__Data excerpt__.
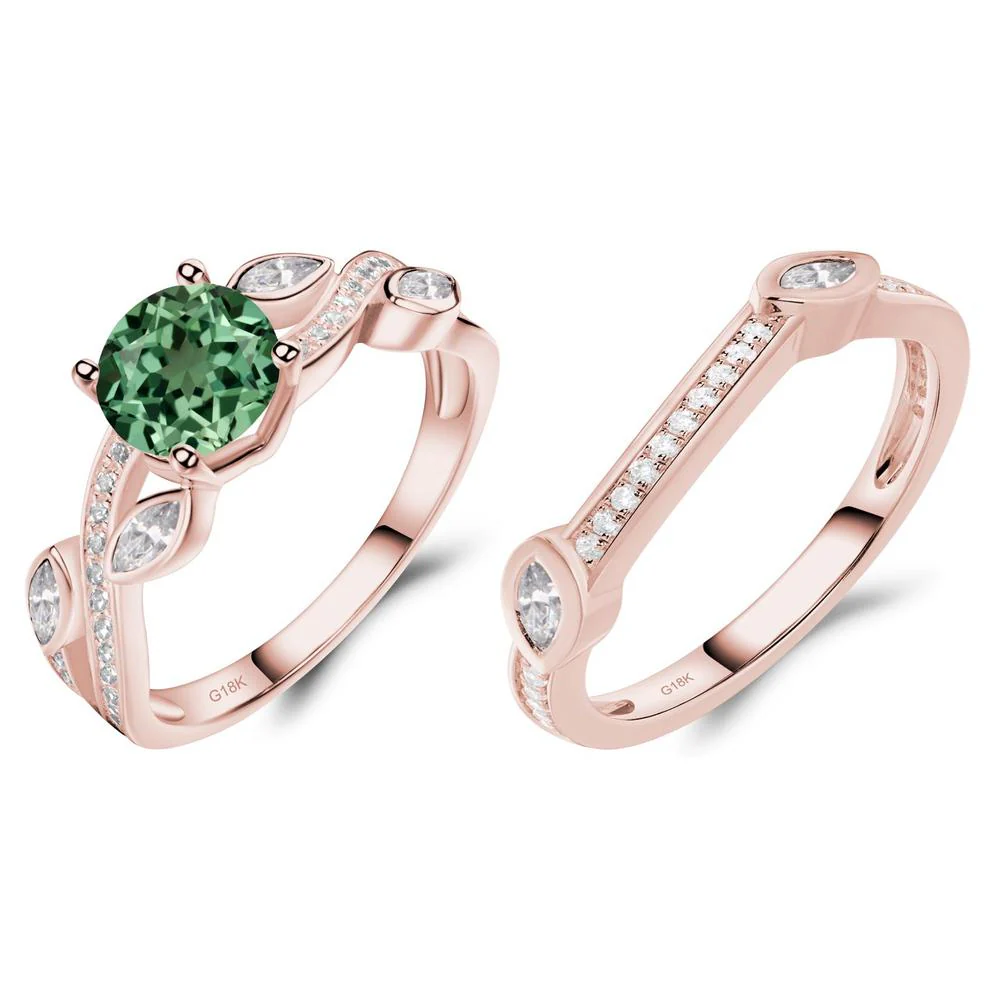 Green Sapphire Twisted Leaf Engagement Ring - Image 17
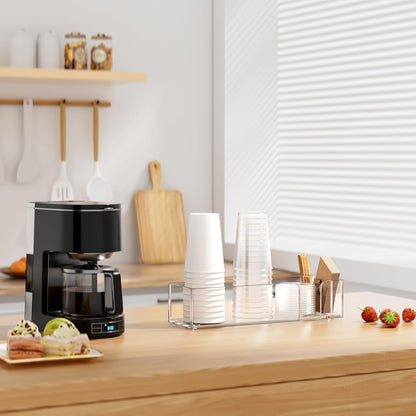 Coffee Cup Holder for Countertop - Clear Acrylic Coffee Bar Accessories Cup Organizer Station Organizer Farmhouse Table Décor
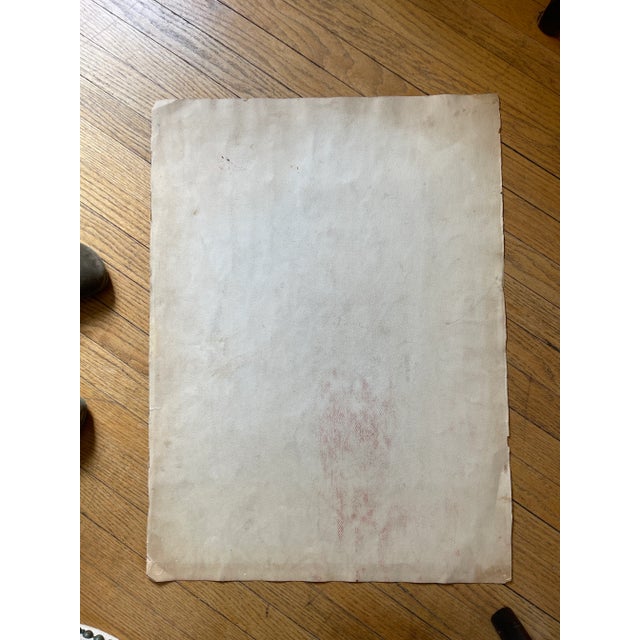 Green Vintage MCM Abstract Watercolor on Heavy Paper For Sale - Image 8 of 10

__About this task__.
Starting with the line that contains "Coffee Cup Holder" and ending with the last line of the material, every line must be written out exactly; no other lines and no pictures are wanted.

__Response below__.
 Coffee Cup Holder for Countertop - Clear Acrylic Coffee Bar Accessories Cup Organizer Station Organizer Farmhouse Table Décor
 Green Vintage MCM Abstract Watercolor on Heavy Paper For Sale - Image 8 of 10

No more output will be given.